Als Flüchtling in Deutschland
Das OLG sah als erwiesen an, dass Anwar R. für die Führung des Gefängnisses zuständig war – auch im Tatzeitraum von April 2011 bis September 2012. Der heute 61-Jährige trug dabei wesentlich zur Aufrechterhaltung des Foltersystems bei. So seien Misshandlungen, Gewaltanwendung und sexuelle Übergriffe von Anwar R. als Mittel zur Erpressung von Aussagen gewollt gewesen. Auch Vergewaltigungen hätten die Gefangenen erdulden müssen. „Todesfälle nahm er als zwangsläufige Folge der Misshandlungen und der Haftbedingungen in Kauf”, betonten die Richter.
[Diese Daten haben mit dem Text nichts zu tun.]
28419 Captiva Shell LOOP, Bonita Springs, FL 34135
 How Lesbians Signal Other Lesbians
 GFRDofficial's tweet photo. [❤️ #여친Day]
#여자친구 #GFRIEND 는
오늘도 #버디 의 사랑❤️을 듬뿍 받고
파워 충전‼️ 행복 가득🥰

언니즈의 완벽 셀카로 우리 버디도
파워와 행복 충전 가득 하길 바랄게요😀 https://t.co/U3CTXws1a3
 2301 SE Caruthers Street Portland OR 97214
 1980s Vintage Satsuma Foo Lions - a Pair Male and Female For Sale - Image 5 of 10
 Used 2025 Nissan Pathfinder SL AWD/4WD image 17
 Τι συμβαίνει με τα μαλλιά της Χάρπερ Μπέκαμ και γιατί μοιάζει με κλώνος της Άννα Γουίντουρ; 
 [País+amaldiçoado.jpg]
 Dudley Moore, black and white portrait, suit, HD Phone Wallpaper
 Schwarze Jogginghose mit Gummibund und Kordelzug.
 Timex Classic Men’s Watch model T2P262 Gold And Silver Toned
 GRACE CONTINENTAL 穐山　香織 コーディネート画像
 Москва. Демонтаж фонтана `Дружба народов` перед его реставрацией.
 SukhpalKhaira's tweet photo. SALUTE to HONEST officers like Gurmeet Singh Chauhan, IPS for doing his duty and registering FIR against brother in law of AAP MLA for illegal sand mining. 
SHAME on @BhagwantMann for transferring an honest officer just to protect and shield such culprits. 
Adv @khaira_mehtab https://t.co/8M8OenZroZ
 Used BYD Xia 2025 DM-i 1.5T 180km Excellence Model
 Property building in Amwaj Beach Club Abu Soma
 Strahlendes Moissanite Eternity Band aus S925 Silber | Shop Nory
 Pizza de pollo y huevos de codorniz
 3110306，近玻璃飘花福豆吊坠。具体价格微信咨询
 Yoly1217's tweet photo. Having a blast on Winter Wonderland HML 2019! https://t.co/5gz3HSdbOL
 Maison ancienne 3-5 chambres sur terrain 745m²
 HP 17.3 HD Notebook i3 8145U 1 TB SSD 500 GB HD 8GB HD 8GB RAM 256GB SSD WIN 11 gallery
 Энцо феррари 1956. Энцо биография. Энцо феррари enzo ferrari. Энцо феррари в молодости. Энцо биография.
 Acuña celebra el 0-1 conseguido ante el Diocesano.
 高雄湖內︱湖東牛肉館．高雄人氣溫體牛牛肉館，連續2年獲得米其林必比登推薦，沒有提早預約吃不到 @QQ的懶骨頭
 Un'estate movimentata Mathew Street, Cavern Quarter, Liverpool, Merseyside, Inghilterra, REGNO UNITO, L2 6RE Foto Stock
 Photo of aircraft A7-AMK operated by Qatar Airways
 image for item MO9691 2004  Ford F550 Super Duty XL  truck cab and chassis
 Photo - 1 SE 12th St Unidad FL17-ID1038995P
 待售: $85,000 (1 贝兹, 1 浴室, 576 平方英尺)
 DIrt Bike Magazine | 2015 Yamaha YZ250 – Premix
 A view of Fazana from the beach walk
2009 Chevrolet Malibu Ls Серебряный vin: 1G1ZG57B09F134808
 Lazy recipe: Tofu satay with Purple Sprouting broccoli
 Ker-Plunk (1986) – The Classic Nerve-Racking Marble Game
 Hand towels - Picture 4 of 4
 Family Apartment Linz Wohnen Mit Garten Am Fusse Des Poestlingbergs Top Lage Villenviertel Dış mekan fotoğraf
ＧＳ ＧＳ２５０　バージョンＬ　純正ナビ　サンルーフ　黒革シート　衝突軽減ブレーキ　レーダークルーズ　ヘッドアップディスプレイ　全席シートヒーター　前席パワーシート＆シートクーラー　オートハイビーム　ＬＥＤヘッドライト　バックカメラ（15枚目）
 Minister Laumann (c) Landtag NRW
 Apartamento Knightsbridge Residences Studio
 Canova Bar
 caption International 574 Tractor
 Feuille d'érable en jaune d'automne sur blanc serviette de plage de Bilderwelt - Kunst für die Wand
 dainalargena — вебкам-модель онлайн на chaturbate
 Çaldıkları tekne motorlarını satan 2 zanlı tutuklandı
Anwar R. war 2014 als Flüchtling nach Deutschland eingereist. Als ein anderer syrischer Flüchtling in R. seinen Folterer erkannte und den Behörden meldete, kam das Strafverfahren gegen den Mann und später auch gegen einen zweiten syrischen Geheimdienst-Mitarbeiter, R.'s Mitangeklagten Eyad A., ins Rollen. Menschenrechtsorganisationen hatten das Urteil als wichtiges Signal für die Überlebenden und als Schritt im Kampf gegen weltweite Straflosigkeit begrüßt.
Prozess nach Weltrechtsprinzip
Grundlage für den Prozess war das Weltrechtsprinzip. Seit 2002 können bestimmte Verbrechen – Völkermord, Verbrechen gegen die Menschlichkeit und Kriegsverbrechen – in Deutschland geahndet werden, auch wenn weder die Tat hier geschehen ist noch die Angeklagten oder die Opfer aus Deutschland kommen. Der BGH betonte, das Koblenzer Urteil habe keine Rechtsfehler enthalten. Es sei rechtens gewesen, der Verurteilte könne sich auch nicht auf seine vorgebrachte Immunität berufen, weil er seine Tatbeiträge als „hoheitlich handelnder Staatsbediensteter” erbracht hatte. Lediglich hinsichtlich einiger Sexualdelikte nahm der BGH geringe Änderungen am Schuldspruch vor, die am Strafmaß jedoch nichts änderten.